Sin embargo, poco importan en Romeo y Julieta las disputas de las adversarias familias, si enfocamos la pieza desde el romance, pues, de o ser porque Romeo se enamora de Julieta y ella corresponde de manera desbordada a este flechazo, a este amor loco, a primera vista, la historia no tendría ningún sentido.
La lealtad a sus propios sentimientos conduce a los protagonistas a un encadenamiento de sucesos, asesinatos, muertes inesperadas de las que ni ellos mismos podrán escapar, presos ya ni siquiera de la rivalidad familiar, sino del juego del destino, de la infausta ironía que, sin saberlo ellos, esconde su prohibida (por las convenciones sociales de su entorno) historia de amor.
Romeo es un joven impetuoso. En principio enamorado el amor, después abismado a la pasión, esa quimera que, bien le hace decir Shakespeare, ennubla la razón, enceguece, esclaviza el corazón.
Julieta no es distinta: encarna la sinrazón del amor porque el amor no puede entender razones en la juventud, más que la juventud misma que para apresar el deseo del amor, la savia de la pasión, no teme incluso en retar a la misma muerte, si sólo así logrará consumar su destino.
Muerte, más que vida, parecería ser el sino trágico de Romeo y Julieta, insalvable, como todo sino trágico, pero sentenciado a la eternidad en sus consecuencias ulteriores. Ambos mueren por amor, pero también víctimas de la incomprensión, la intolerancia, el odio, pero sobre todo, víctimas de los equívocos, las confusiones, la incomunicación.
Shakespeare teje con luminosidad su tragedia de equivocaciones. Julieta se anticipa a creer que su amado ha muerto, no tiene la certeza, pero lo cree y al creerlo firmemente, barrunta que la vida para ella ya no tiene ningún sentido: la muerte es el siguiente paso, una muerte absurda pero, por amor, lógica y sublime, a cuya seducción el mismo Romeo no puede desligarse y muere también, abrazando el suicidio que es el dios de los amantes.

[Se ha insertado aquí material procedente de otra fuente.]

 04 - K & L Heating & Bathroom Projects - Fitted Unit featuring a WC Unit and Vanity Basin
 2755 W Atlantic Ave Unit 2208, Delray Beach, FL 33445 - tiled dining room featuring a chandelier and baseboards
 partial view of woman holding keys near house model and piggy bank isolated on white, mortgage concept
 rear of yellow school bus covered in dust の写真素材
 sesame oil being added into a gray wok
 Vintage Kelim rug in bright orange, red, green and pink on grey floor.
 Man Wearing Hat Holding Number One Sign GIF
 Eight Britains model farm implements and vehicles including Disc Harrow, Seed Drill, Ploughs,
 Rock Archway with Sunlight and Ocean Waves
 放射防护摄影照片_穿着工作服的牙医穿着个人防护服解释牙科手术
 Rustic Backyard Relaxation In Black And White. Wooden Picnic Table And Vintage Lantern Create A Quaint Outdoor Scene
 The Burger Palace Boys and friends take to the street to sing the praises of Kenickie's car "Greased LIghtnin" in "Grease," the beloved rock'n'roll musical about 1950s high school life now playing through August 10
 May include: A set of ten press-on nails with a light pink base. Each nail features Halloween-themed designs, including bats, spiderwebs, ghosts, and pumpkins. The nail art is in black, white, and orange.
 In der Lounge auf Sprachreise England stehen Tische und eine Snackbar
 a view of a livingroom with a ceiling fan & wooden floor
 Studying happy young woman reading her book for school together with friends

En la juventud el amor prevalece, y la búsqueda del amor es una aprehensión irrevocable. En la juventud el amor es eterno. Eterniza al ser amado. Eterniza a los amantes. Eterniza la vida. Eterniza.
Los personajes de William Shakespeare son eternos. Romeo y Julieta marcó la eternidad de Shakespeare sustentando su aliento poético, su genio creativo, desde su ímpetu juvenil, en la pureza de la juventud.